● **DATA SHOWN**:

....

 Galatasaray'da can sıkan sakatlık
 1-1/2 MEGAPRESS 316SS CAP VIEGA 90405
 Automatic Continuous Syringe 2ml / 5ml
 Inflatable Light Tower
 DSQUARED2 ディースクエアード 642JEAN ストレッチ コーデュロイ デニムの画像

....

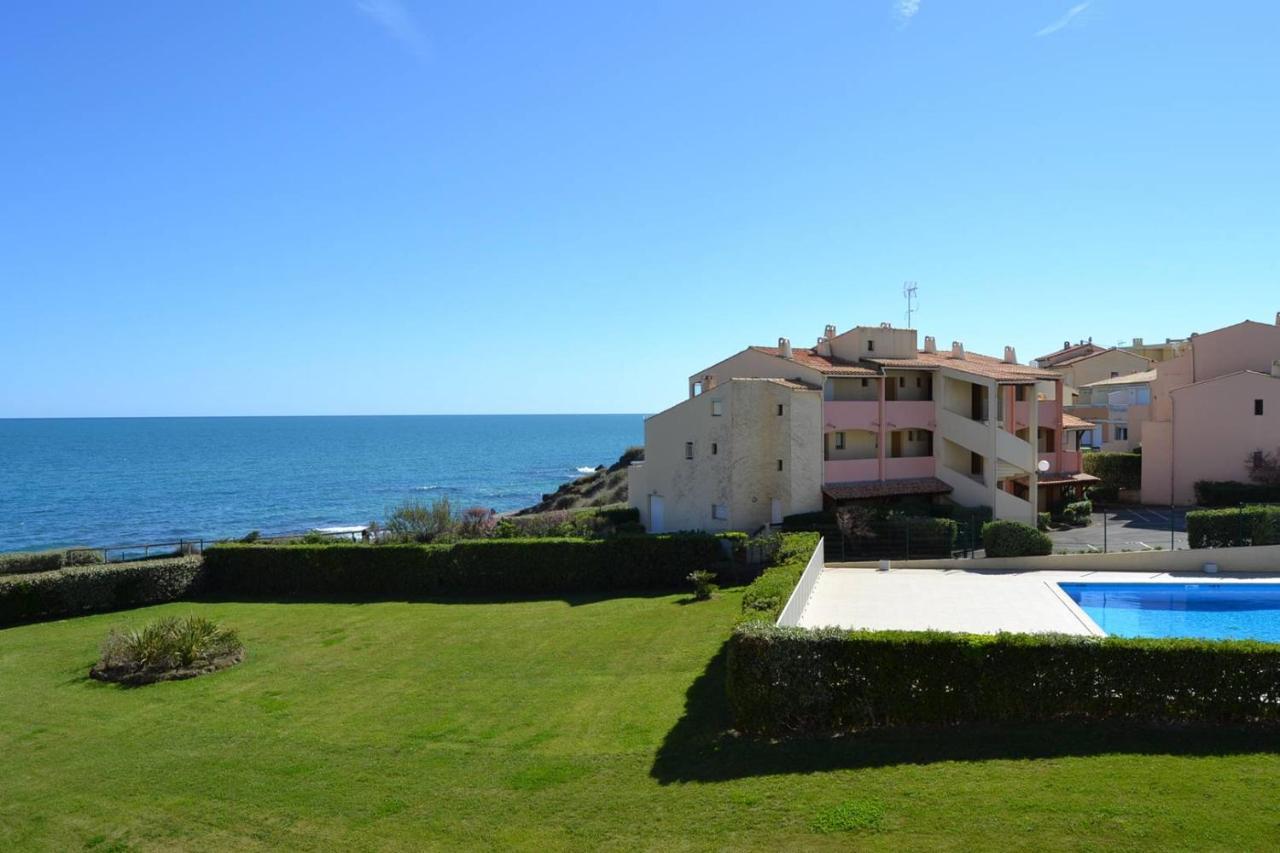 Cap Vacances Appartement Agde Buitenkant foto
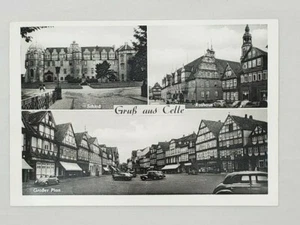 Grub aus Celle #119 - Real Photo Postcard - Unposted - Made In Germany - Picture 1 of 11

....

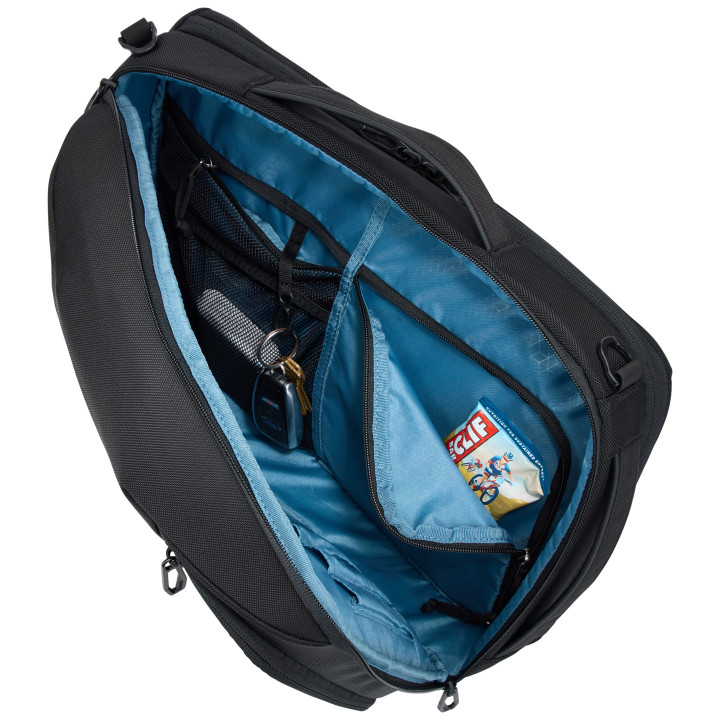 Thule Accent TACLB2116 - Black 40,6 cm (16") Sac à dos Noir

....

● **TRY IT**:
Please write out, exactly as they appear above, only the lines in the stretch from the line with "1-1/2 MEGAPRESS 316SS CAP VIEGA 90405" through the line with "DSQUARED2 ディースクエアード 642JEAN".

● **ANSWER TO THIS EXERCISE**:
 1-1/2 MEGAPRESS 316SS CAP VIEGA 90405
 Automatic Continuous Syringe 2ml / 5ml
 Inflatable Light Tower
 DSQUARED2 ディースクエアード 642JEAN ストレッチ コーデュロイ デニムの画像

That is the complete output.